The abrupt interruption of the proceedings was the result of an apparent oversight on the part of the Denver City Attorney's Office. In mid-September, lawyers from that office had filed a complaint and a motion for a temporary restraining order to shut down Beta, which is owned by Valentes Corleons (legal name Hussam Kayali). The claims in the public-nuisance case involve three alleged offenses that took place at Beta, though they were not linked to club employees: a cocaine-dealing charge, an imitation drug-dealing charge, and an unlawful weapon possession charge. In the actual complaint, however, the City Attorney's Office only included the cocaine-dealing and unlawful weapon possession charges, and left off the imitation drug-dealing charge.

As Chris Gaddis from the City Attorney's Office began to question his first witness, a Denver police officer who'd done an undercover investigation at Beta, in relation to the imitation drug-dealing allegations, Harvey Steinberg, the attorney representing Corleons and Beta, along with his colleague Aaron Acker, objected to the line of questioning, stating that the specific allegation wasn't in the complaint. Gaddis asked the judge if he could amend the complaint on the spot, since the City Attorney's Office wanted to include the imitation drug-dealing charge in its case. But Judge Faragher rejected Gaddis's request, saying that while city attorneys could amend the complaint, they'd need to reschedule the hearing so that defense lawyers could prepare. And owing to a busy docket that includes a significant backlog of eviction cases, the first available date was in January.

Even though the judge had granted the city's temporary restraining order motion to shut down Beta in late September, the club remains open, since Acker filed a motion to vacate the temporary restraining order on October 11. The November 12 hearing was supposed to settle the competing claims between the two sides, but now that's been postponed for another two months.

Beta is also facing a challenge on another front: In August, the Denver Department of Excise and Licenses filed a Show Cause case against Beta, and is seeking to revoke the venue's dance cabaret and tavern license over alleged law and code violations, including employing unlicensed security guards. Excise and Licenses has a combined sixteen-hour hearing scheduled across November 17 and 18 for that case.
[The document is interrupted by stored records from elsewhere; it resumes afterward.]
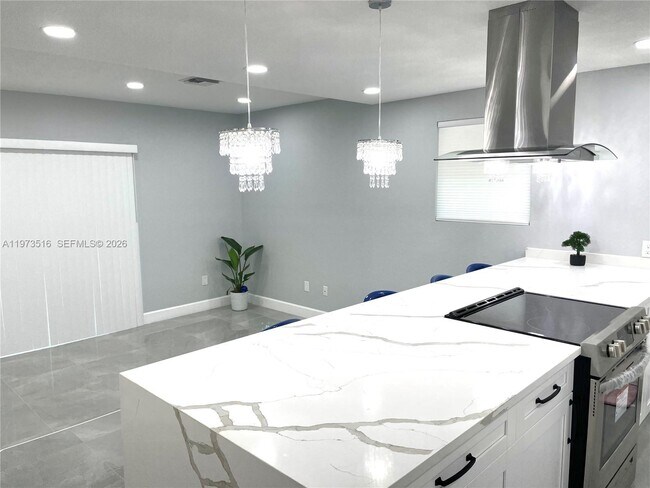 Photo - 1280 W Camino Real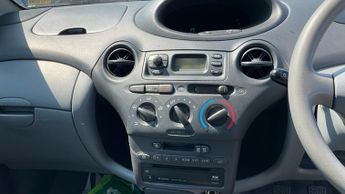 Toyota Yaris VVTI S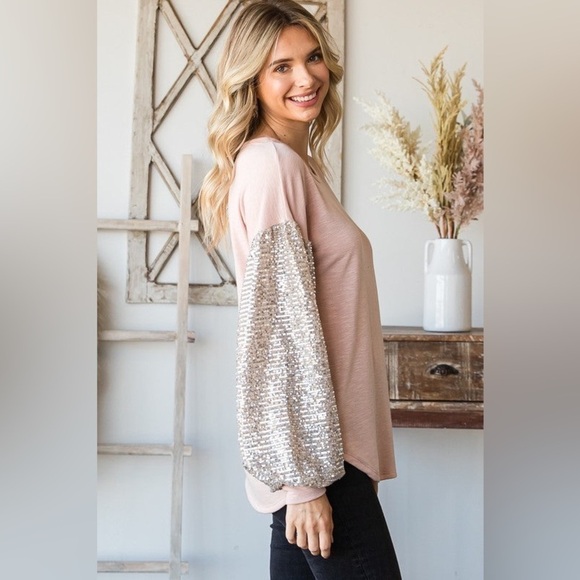 BiBi New Womens Size M Blue Top with Silver Sequin Balloon Sleeve - Picture 7 of 8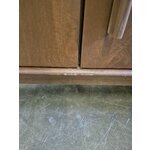 Mango medienos spintelė (paul) su kosmetiniais defektais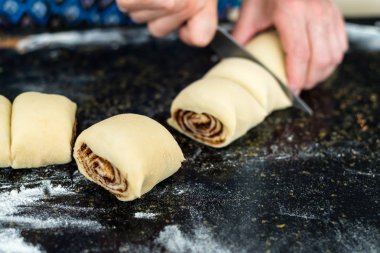 anne bir hamur hazırlanıyor 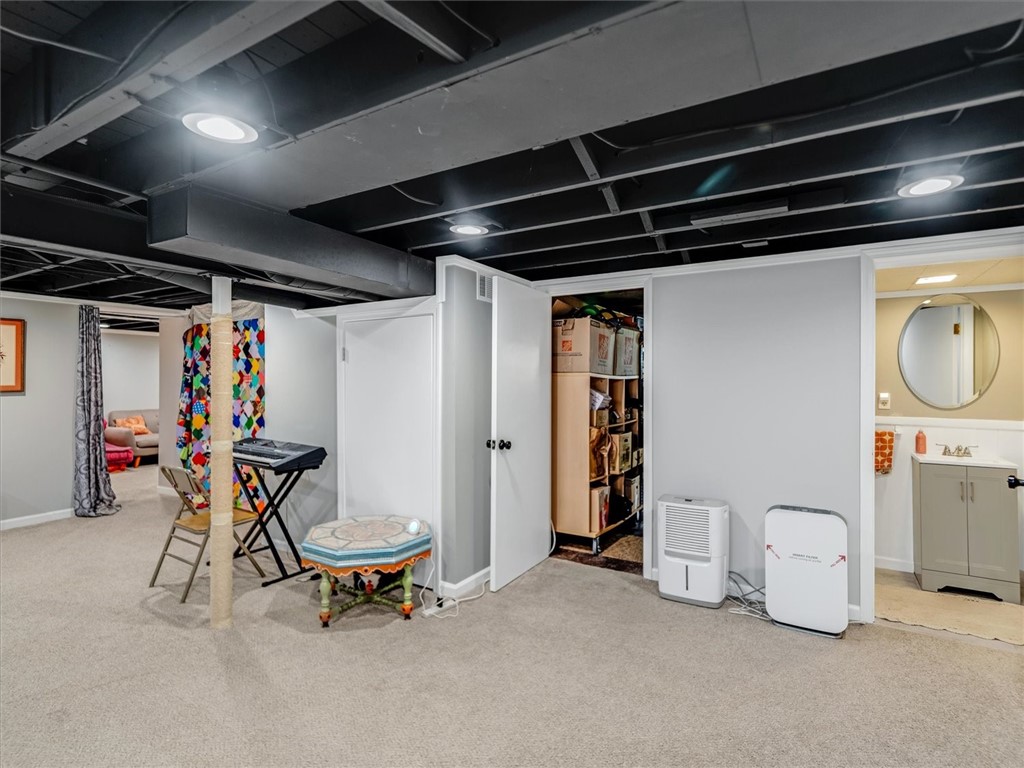 174 Forest Hills Road Brighton, NY 14625 - Photo 26 of 39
In an opening statement at the November 12 hearing, Gaddis tore into Beta, which had become known as a "gang bar," he said.

"The threat to public health, safety and welfare is very real in this case," he added. "The 1900 block of Blake Street is flat-out dangerous and deadly in the early-morning hours, mostly attributable to this nightclub."

Gaddis then referenced past issues involving other clubs that Corleons has operated. "Where he goes, these safety issues just followed," he said.

Corleons, who attended the hearing, denies that he's in any way responsible for the alleged violations cited in the public-nuisance case, and says he feels confident that he'll win the case.

"This is my passion," he adds. "I love to see people happy, dancing. The reason I want to have a nightclub is not about money. I never did it for money. I do it for passion, so people can escape from stress."

Corleons is hopeful that the city will come around and agree to a settlement that doesn't require the club to close. "My grass is too tall?" he concludes. "Let me just cut it."